[Paper] Exploring Definitions of Quality and Diversity in Sonic Measurement Spaces
Source: arXiv - 2512.02783v1
Overview
The paper investigates how to let evolutionary algorithms automatically discover a wide variety of high‑quality sounds without relying on hand‑crafted audio descriptors or supervised classifiers. By using unsupervised dimensionality‑reduction (PCA and autoencoders) to build and continuously reshape the “behaviour space” that guides Quality‑Diversity (QD) search, the authors show that a system can explore far richer sonic territories while staying unbiased toward any pre‑selected sound families.
Key Contributions
- Unsupervised behaviour‑space construction: Demonstrates that PCA and deep autoencoders can turn raw audio feature vectors into compact, structured maps suitable for MAP‑Elites without any human‑defined descriptors.
- Dynamic reconfiguration: Introduces a simple schedule that periodically retrains the dimensionality‑reduction model, keeping the behaviour space aligned with the evolving population and preventing premature convergence.
- Empirical comparison: Benchmarks handcrafted, static behaviour spaces against the proposed automatic approaches across two distinct synthesis scenarios, showing a statistically significant boost in diversity.
- Practical recommendation: Finds that linear PCA, despite its simplicity, outperforms deeper autoencoders in this context, offering a low‑cost, high‑impact tool for sound‑design pipelines.
Methodology
- Synthesis environment: A digital sound synthesizer with millions of parameter combinations serves as the search domain.

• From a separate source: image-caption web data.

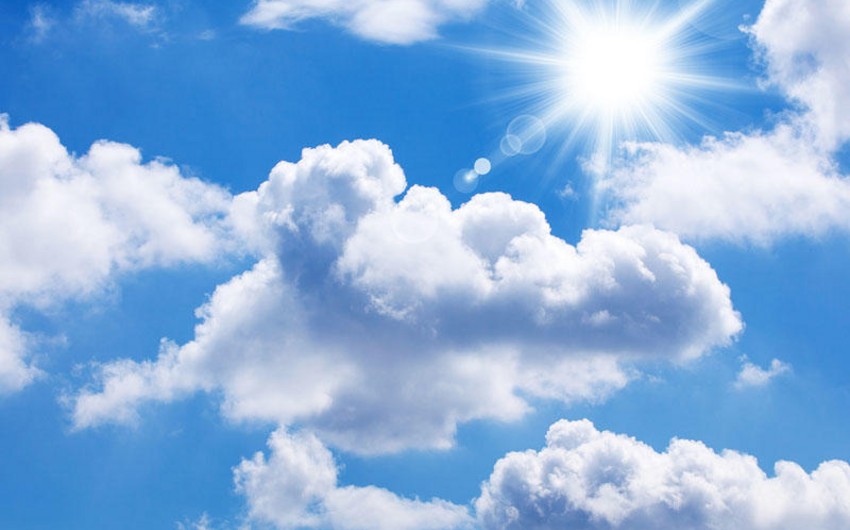 Azərbaycanda faktiki və gözlənilən hava şəraiti açıqlandı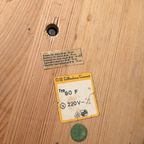 Vintage Houten Vloerlamp Van Gb Solbackens Svarveri Uit Zweden thumbnail 10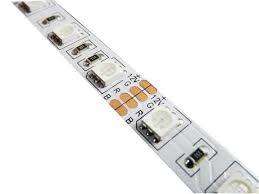 RGB LED Strip White 5Meter - 5050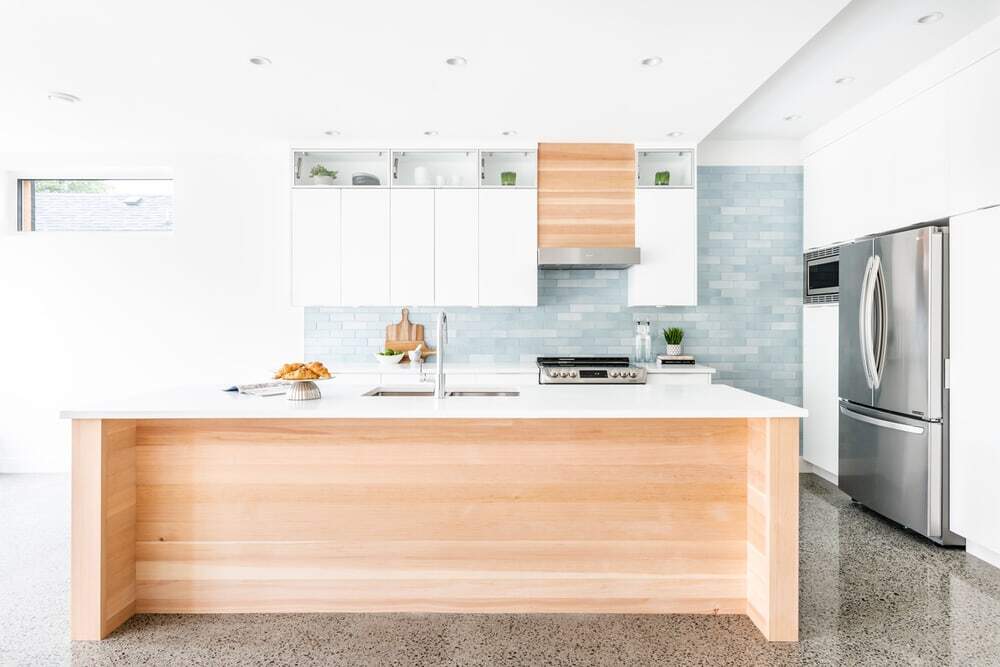 kitchen, Waymark Architecture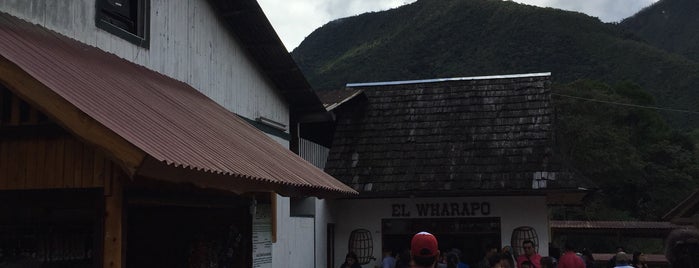 Wharapo is one of Peru.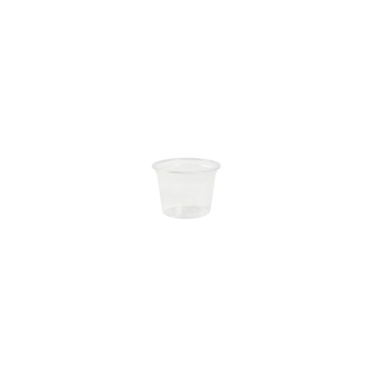 Greenbox Portionsbecher, PLA, 30 ml, Ø 4,5 cm 1 Karton = 50 Packungen à 100 Stück - Bild-Darstellung des Produktes 1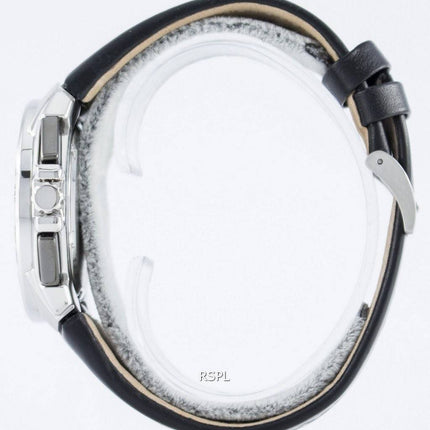 Seiko Quartz Chronograph Alarm SNAB11 SNAB11P1 SNAB11P Herreur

- Feature extraction: For each generated sound, a high‑dimensional vector of standard audio descriptors (spectral, temporal, etc.) is computed.

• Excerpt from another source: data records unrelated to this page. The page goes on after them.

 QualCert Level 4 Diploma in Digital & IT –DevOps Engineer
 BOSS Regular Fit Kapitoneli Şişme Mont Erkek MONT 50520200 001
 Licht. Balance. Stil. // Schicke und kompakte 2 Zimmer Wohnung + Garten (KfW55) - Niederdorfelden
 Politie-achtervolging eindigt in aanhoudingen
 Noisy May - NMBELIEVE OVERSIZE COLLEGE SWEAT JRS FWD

- Dimensionality reduction:
- PCA – computes the top‑k orthogonal axes that capture most variance.
- Autoencoder – a shallow neural network learns a non‑linear bottleneck representation.
- Behaviour space creation: The reduced vectors are discretised into a fixed‑size grid (the MAP‑Elites archive). Each cell stores the highest‑quality sound that falls into that region.
- Dynamic update: Every N generations the reduction model is retrained on the current elite set, redefining the grid boundaries and thus “re‑shaping” the exploration landscape.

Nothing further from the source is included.